(I received an advance copy of this book from the publisher, Harper One.)
The subtitle to this book reads, how an ancient, ambiguous, and diverse book leads us to wisdom rather than answers, and why that’s great news. Those three words ancient, ambiguous, and diverse are really what hit you when you start paying attention to the Bible. As Peter Enns does a great job of arguing, the Bible is incredibly old, it is ambiguous (just look at Rabbis who have debated various Old Testament passages for three thousand years, and the plethora of Christian denominations and sects), and it is diverse. I think of all the words that could be used, diverse is the hardest for evangelicals to swallow. After all, evangelicals believe in a unified vocal reading of the Bible where God is the ultimate author and thus must have one single message being communicated. Any divergent voices are either misinterpretations, apparent contradictions, or some other phenomenon. Yet, when we pay attention to a close reading, the diversity within the Bible is just there waiting for us to see it. Once we can embrace that a whole new world is opened to us. We can then take part in the dialogue that is taking place within the text.
However, this means that you cannot simply take the Bible and find a prooftext for any and every situation that can be taken without thought. The Bible simply doesn’t work that way as a rule book for life, where the answers are there just waiting for us to cull them. On top of that, the fact that it is ancient and ambiguous means that the pages therein must be interpreted and then applied to a modern setting that is strikingly different from its own time. This is why Peter Enns directs us to seek wisdom from the Bible rather than answers. In these page we can find wisdom from God, rather than answers. God is not a helicopter parent, you have to learn to think for yourself, and God wants to help us do that.
In this book Peter Enns is at his most daring because he isn’t taking us through deconstruction as he did in “The Bible Tells Me so”, or assuring us at it is ok to doubt and deconstruct as he did in “The Sin of Certainty”. Rather he is taking on the project of reconstruction, which means he has to offer us a plausible path forward. He has to set forward a positive theory, and this is one of those cases where the proof is really in the pudding. The cash value is whether or not you can actually take this and use it in your life.
Perhaps Enns’s most interesting concept is that of reimagining God, which he sees as the source of most of the diversity that takes place.
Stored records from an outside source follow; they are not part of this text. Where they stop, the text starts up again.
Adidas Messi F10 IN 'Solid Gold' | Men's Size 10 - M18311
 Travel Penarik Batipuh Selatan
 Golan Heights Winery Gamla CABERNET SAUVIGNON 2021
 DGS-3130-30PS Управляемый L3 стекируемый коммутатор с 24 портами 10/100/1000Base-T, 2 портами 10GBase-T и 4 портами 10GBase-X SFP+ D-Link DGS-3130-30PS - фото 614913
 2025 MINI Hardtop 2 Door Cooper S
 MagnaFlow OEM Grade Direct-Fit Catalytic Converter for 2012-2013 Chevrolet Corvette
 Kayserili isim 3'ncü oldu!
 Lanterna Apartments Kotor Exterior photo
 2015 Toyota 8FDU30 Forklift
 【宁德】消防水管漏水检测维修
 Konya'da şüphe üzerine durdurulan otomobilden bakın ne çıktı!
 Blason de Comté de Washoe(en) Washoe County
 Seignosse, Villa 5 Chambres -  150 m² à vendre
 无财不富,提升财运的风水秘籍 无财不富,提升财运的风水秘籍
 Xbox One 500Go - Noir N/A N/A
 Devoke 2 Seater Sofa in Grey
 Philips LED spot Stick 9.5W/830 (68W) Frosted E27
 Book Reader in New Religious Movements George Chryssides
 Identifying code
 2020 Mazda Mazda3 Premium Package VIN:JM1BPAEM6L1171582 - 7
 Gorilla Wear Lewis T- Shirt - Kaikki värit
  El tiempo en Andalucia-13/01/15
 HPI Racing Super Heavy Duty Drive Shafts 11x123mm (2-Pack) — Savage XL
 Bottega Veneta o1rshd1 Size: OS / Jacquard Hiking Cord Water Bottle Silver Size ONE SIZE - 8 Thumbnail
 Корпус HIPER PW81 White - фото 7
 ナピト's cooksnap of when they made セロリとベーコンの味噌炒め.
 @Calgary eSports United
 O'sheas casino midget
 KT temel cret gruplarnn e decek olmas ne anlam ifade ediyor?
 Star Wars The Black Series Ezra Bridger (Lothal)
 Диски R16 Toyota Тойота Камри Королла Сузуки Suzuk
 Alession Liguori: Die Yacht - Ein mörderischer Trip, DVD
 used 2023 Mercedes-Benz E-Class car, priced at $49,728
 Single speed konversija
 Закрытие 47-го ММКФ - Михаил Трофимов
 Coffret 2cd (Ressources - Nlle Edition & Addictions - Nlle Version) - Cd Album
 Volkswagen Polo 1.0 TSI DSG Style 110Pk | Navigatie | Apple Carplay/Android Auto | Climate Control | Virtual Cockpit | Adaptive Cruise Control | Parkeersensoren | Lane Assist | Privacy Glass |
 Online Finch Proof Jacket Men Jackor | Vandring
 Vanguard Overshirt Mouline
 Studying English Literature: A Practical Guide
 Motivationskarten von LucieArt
Jews had to reimagine God during and after the exile in order to understand why they were in exile, and then post-exile why they still had foreign rules. When would God restore the throne to David’s line? God had to be reimagined again after Jesus came, and the first Christians began trying to figure out how Jesus fulfills the Old Testament and creatively interpret it to do so. Jesus doesn’t match any of the expectations that Jews had coming from the Hebrew Bible. Instead he shatters their ideas of what God was up to. Jesus is crucified and resurrected, which is not what was supposed to happen to God’s anointed one (Messiah).
Following this lies the task of reimagining God in our own time and place, and Pete argues that we are following the Bible when we do so. There is not a straight line from the Old Testament to our own time, rather we have to use wisdom to interpret scripture, reimagine God, and follow him in our own time. This is a wisdom task, one that the Bible models for us.
I have read most of Pete’s other works including “Inspiration and Incarnation”, “The Evolution of Adam”, and the previous books mentioned earlier. I have enjoyed all of them, but I find “How the Bible Actually Works”, to be his most rewarding yet. Biblical scholarship is a critical task, and spending much time with it will leave you with many questions about the Bible and your faith. I think this is a positive and enriching process, and this book aides in the process of taking you from the place of analysis to the place of asking “now what?” as someone who is a Christian seeking to follow God in a life of faith. What can you do with the Biblical scholarship you have learned, and live a Christian life? Pete’s work points a valuable way forward. I highly recommend it and hope everyone will have a chance to read it for themselves. His humorous style of writing will leave you both informed and entertained. Thank you Peter Enns, and we look forward to whatever you have in store next.